Controversial app Peeple is everything tech shouldn’t become
By Elliot Chan, Opinions Editor
I hate that review apps exist to begin with. While customer reviews are one of the most trusted forms of marketing, I have little respect for the people who leave negative reviews. What can I say? When I read reviews sometimes, I often feel that those who wrote them are small people who need to do whatever it takes to feel big. They are using their power of free speech to harm a business.
Now, it gets worse. There is now an app that allows you to rate and review people’s reputations. The app is called Peeple, and it is gaining a lot of negative publicity. Why not? Remember when you were young, and your parents taught you that if you have nothing good to say, then you shouldn’t say anything at all?

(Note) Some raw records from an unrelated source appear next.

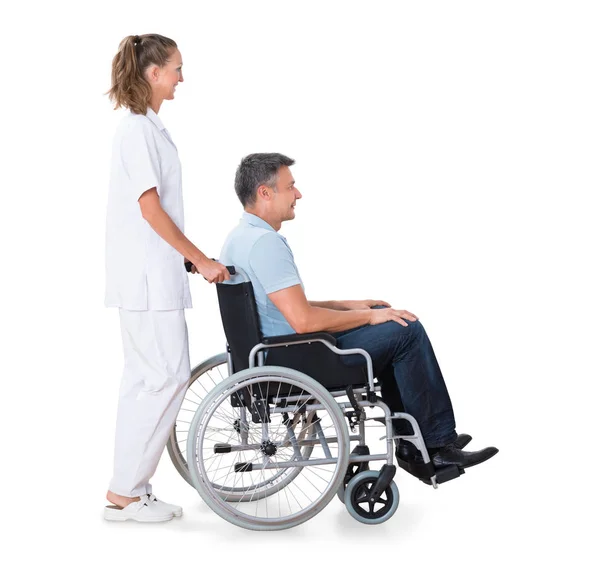 Dozorca pchanie niepełnosprawnych pacjenta — Zdjęcie stockowe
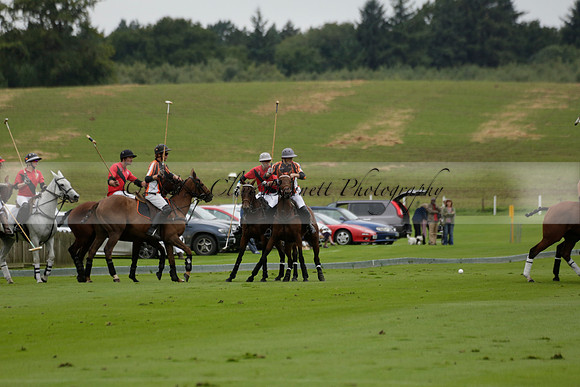Four Quarters Black (black) v Clashleigh (red) in the Autumn Cup subsidiary final polo match on Ambersham 2 at Cowdray Park Polo Club on Sunday 22 September 2013 www.polopictures.co.uk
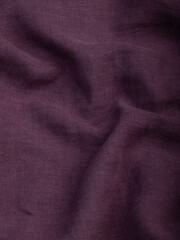 Dark dense fabric for sewing clothes, ironed, the texture of the fabric is visible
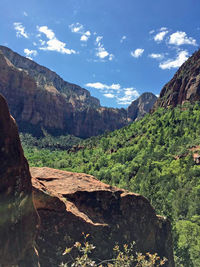 Scenic view of mountains against cloudy sky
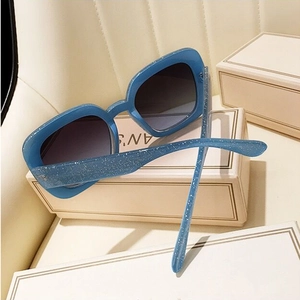 Macro view of blue glitter square sunglasses frame with dark grey gradient lenses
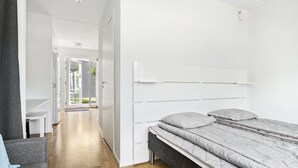 Un dormitorio moderno con cama, escritorio y silla.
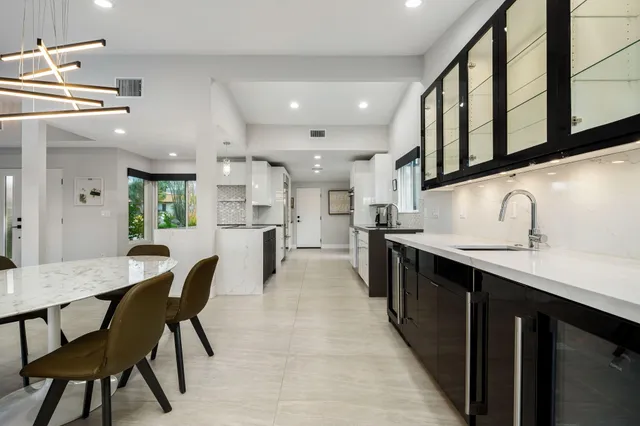 a kitchen with kitchen island white cabinets and refrigerator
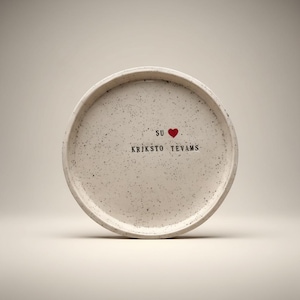 May include: A round, speckled, off-white ceramic tray with a raised edge. The tray features the text "SU" above a red heart, and the text "KRIKŠTO TEVAMS" below the heart. The tray has a minimalist design.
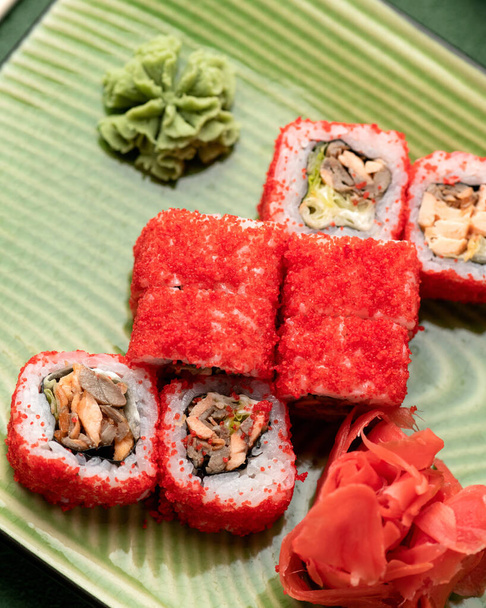 Red California Sushi roll in masago or tobiko caviar. Inside-out Japanese Sushi Set on green background. Bright colors. Healthy Oriental food. Soft focus. Vertical format. Closeup shot - Photo, Image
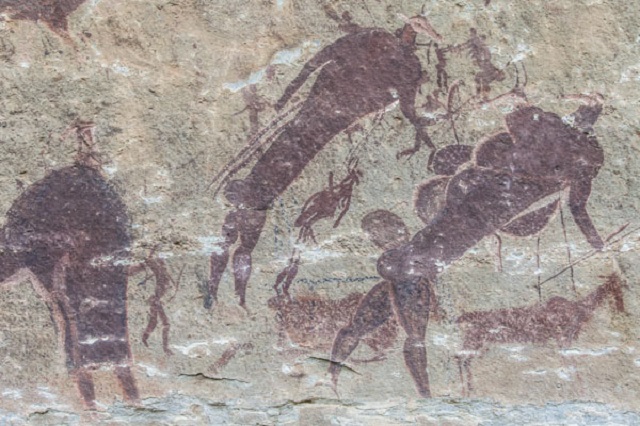 Cave wall painting of prehistoric hunters chasing animals with spears and bows, with silhouetted figures and deer silhouettes used for hunting scenes.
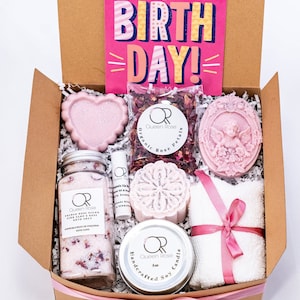 May include: A brown gift box tied with a pink ribbon, filled with bath and body products. The box contains bath salts, a candle, a bath bomb, a bar of soap, a card that says "Happy Birthday!" and a bag of rose petals.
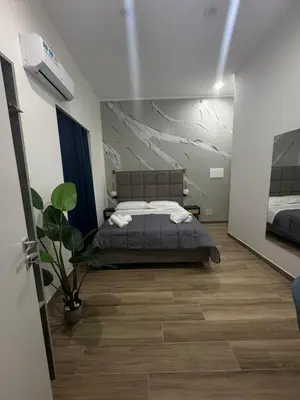 Letto o letti in una camera di Maison Ecce Hom0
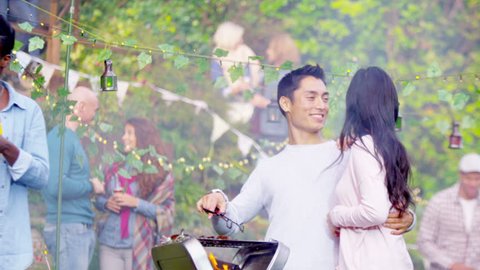 4K Happy attractive Asian couple cooking at bbq while friends socialize in the background. Shot on RED Epic.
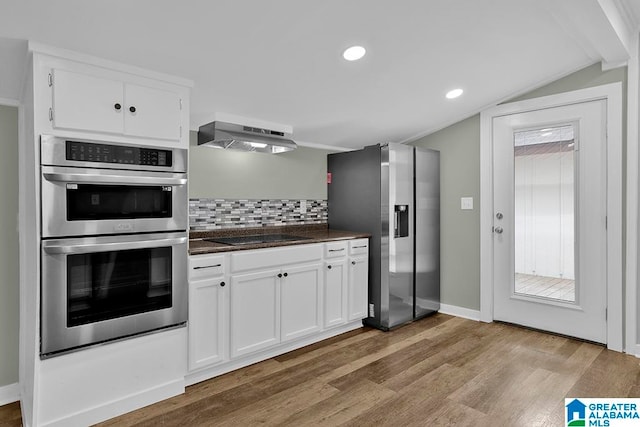 kitchen with backsplash, extractor fan, stainless steel appliances, vaulted ceiling, and hardwood / wood-style flooring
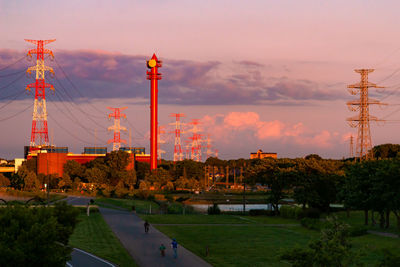 Buildings in city against sky during sunset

This teaching should not change in the digital age, but I believe it has. Take a look at all the bullshit comments on social media if you don’t believe me.
It’s clear that things are going to get worse before they are going to get better in this realm.

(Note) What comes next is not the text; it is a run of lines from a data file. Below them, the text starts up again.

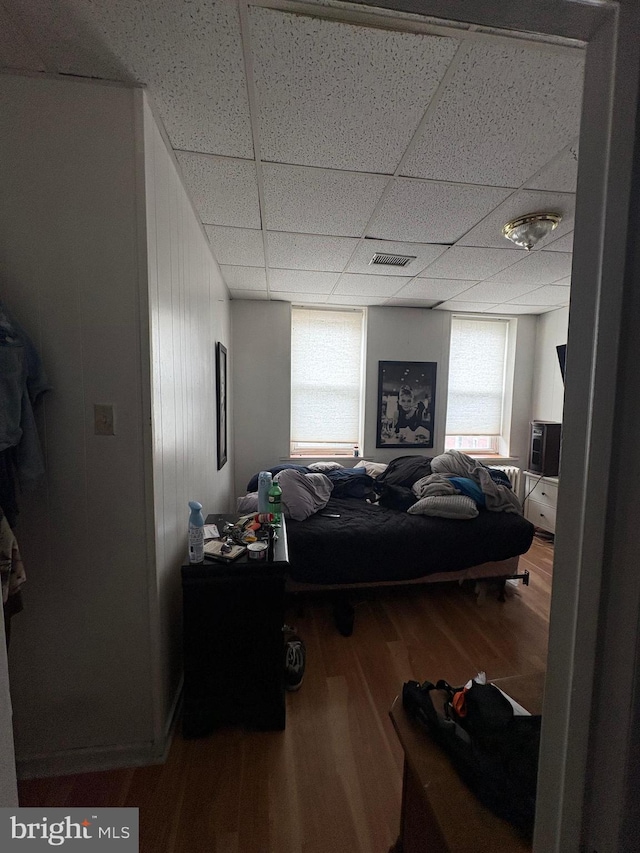 bedroom featuring a drop ceiling, wood finished floors, and visible vents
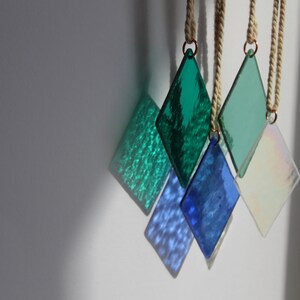 K&ouml;nnte beinhalten: F&uuml;nf diamantf&ouml;rmige Glasornamente, die an Bindf&auml;den h&auml;ngen. Die Ornamente sind in Gr&uuml;n- und Blaut&ouml;nen gehalten, wobei ein Ornament irisierend ist.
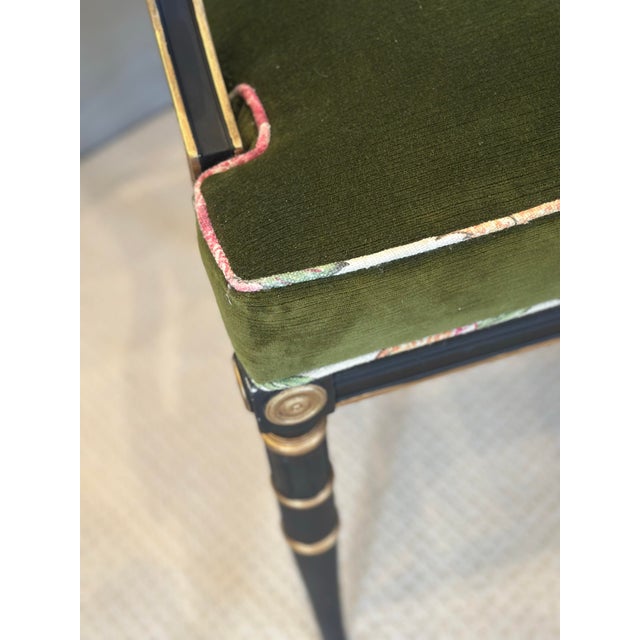 A beautifully proportioned antique Regency-style armchair, distinguished by its elegant ebonized frame, classical gilt...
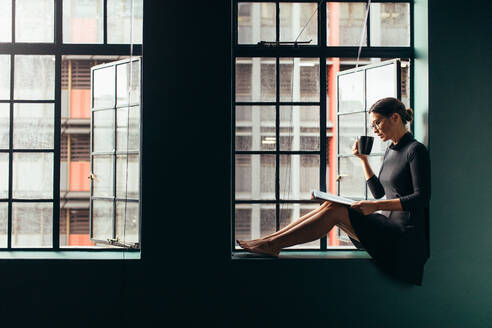 Asiatische Frau sitzt auf der Fensterbank, liest ein Buch und trinkt Kaffee. Frau entspannt sich drinnen mit einer Zeitschrift und trinkt Kaffee. - JLPSF02933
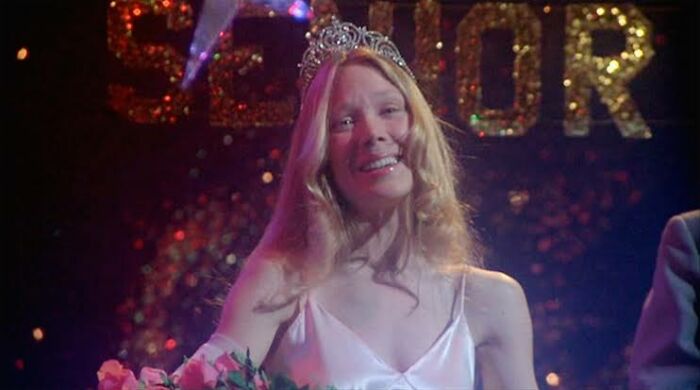 A girl in a tiara and white dress, looking emotional, in a scene from Stephen King's horror classic. A girl in a tiara and white dress, looking emotional, in a scene from Stephen King's horror classic.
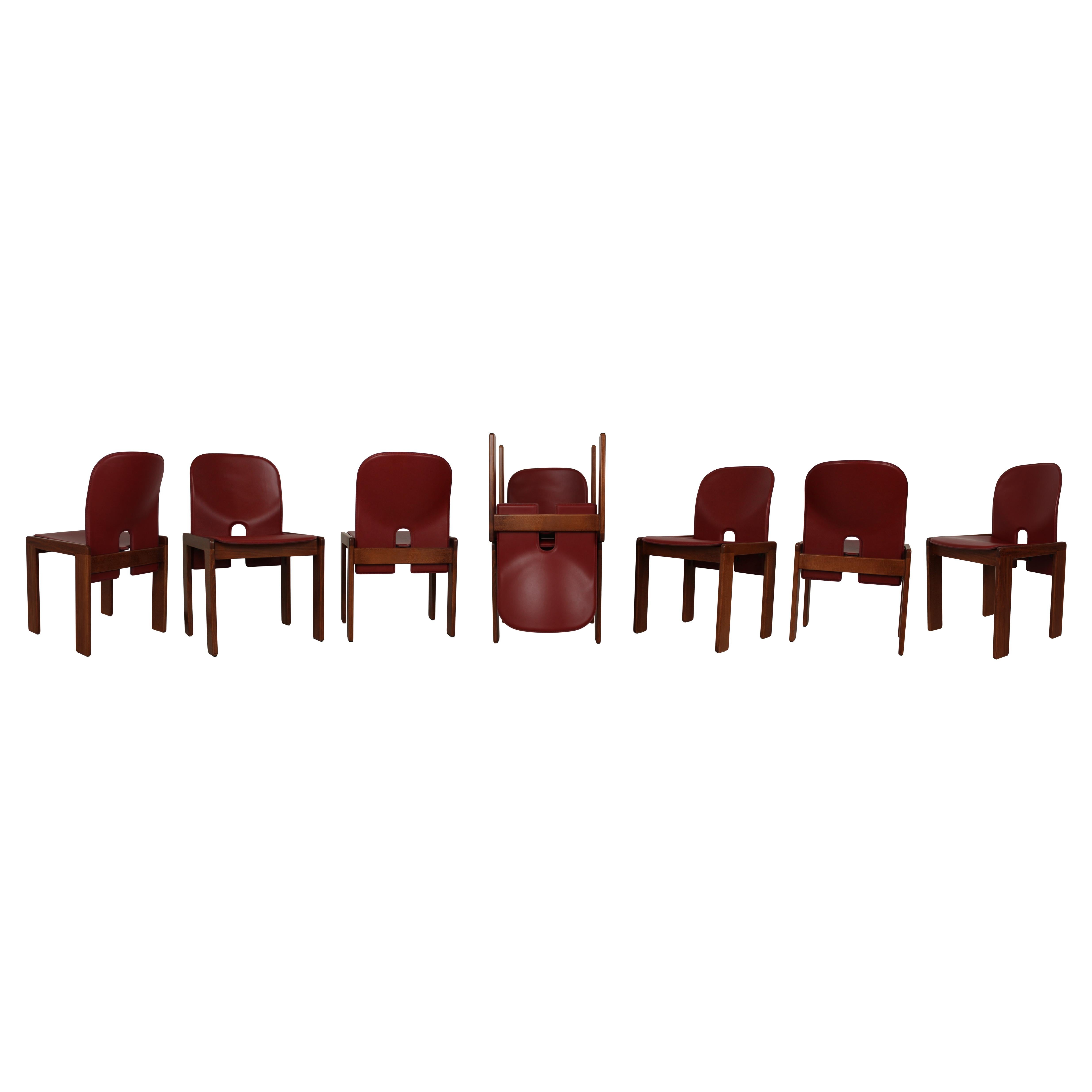 Set of eight Model 121 dining chairs, designed by Afra and Tobia Scarpa and produced by the Italian manufacturer Cassina in 1967.
They feature English red leather upholstery and a walnut structure.

Fully restored in Italy.

Afra and Tobia Scarpa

Interacting with people shouldn’t be the same as buying electronics. You shouldn’t go online, Google someone, and compare them with other people. The thing is, I know what the creators and founders of Peeple were thinking: so many people are shitty. Yes, of course, people are shitty, but that is life. Dealing with shitty people, whether they are in front of you in the Starbucks lineup or they are your parents, is a part of human existence. Technology does not make people more considerate or more caring, especially not an app that encourages people to treat others like businesses.
If you were a business, you would separate the job from your personal identity. You would have a website, a LinkedIn page, a Facebook fan page, or anything else where you can have a two-way channel, where there can be communication, and progress to resolving an issue—should there be one. However, if it is just a review or a rating system, rarely is there any valuable feedback. It’s more or less just a rant or words of caution. Since, we aren’t talking about a business but an actual human person with feelings, giving someone a one-star rating is a clear, unprovoked diss.

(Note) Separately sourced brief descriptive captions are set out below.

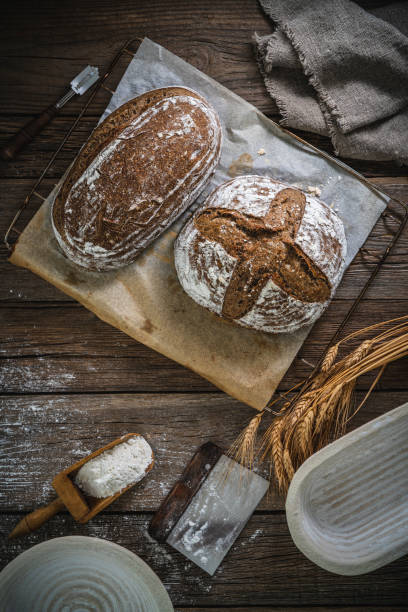istock Sourdough bread loaf and Banneton basket in bakery on wooden rustic table 1323443417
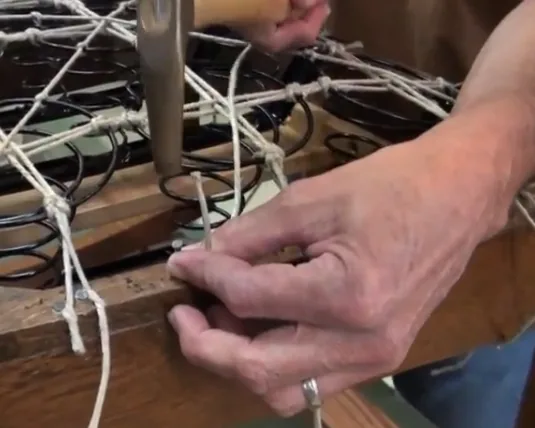 Kim Buckminster tying coil springs by hand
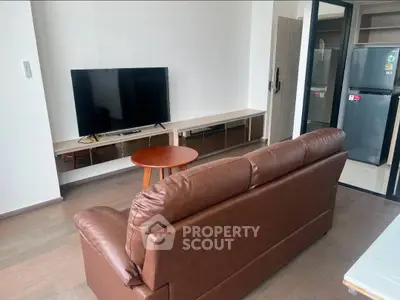 Modern living room with brown leather sofa, flat-screen TV, and sleek kitchen area.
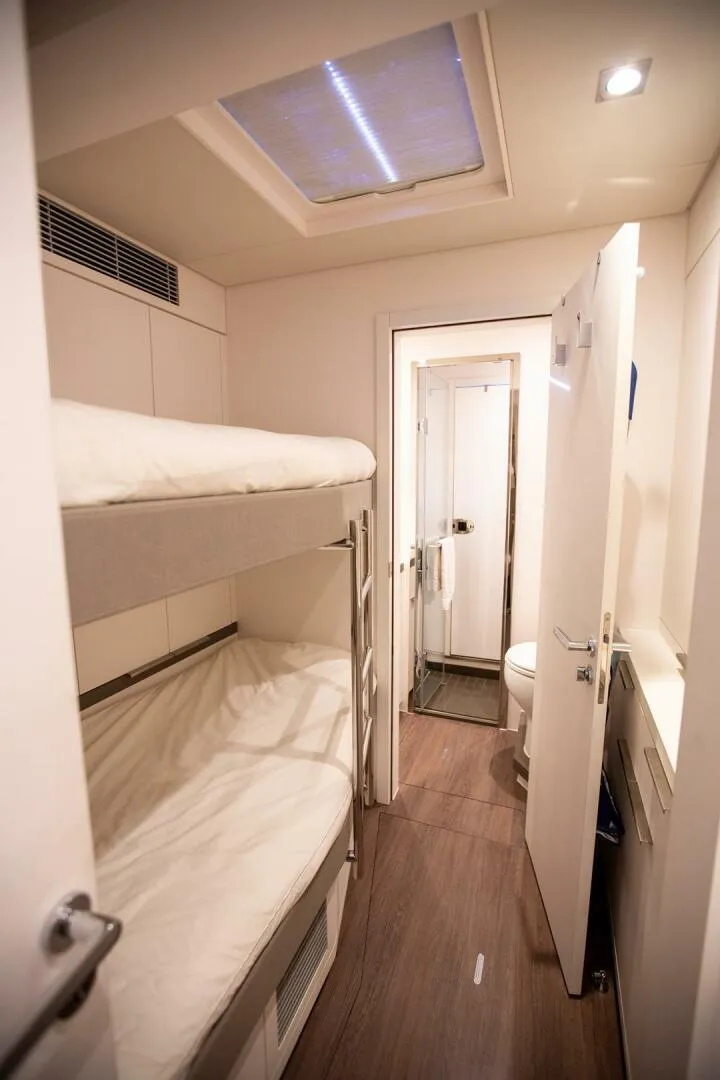 Slide: The Image of Interior of 2021 Lagoon Seventy 7 yacht with bunk beds and modern bathroom. - 37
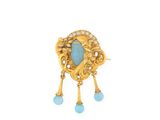 a close up of a gold and turquoise broochle broochle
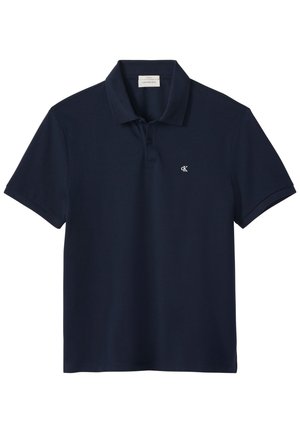 Pomorsko plava polo majica kratkih rukava s ovratnikom, dvostrukim kopčanjem i malim bijelim "cK" logotipom na lijevoj strani prsa.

Let’s live in a world where we can approach each other as friends and speak honestly, rather than reviewing and rating others, harbouring animosity, and deterring others from having a genuine human experience. If you truly want to help someone, and not just judge them, you wouldn’t use an app like Peeple to express your thoughts.
And for those who really care about their online reputation, well, maybe you should work on your actual human reputation first.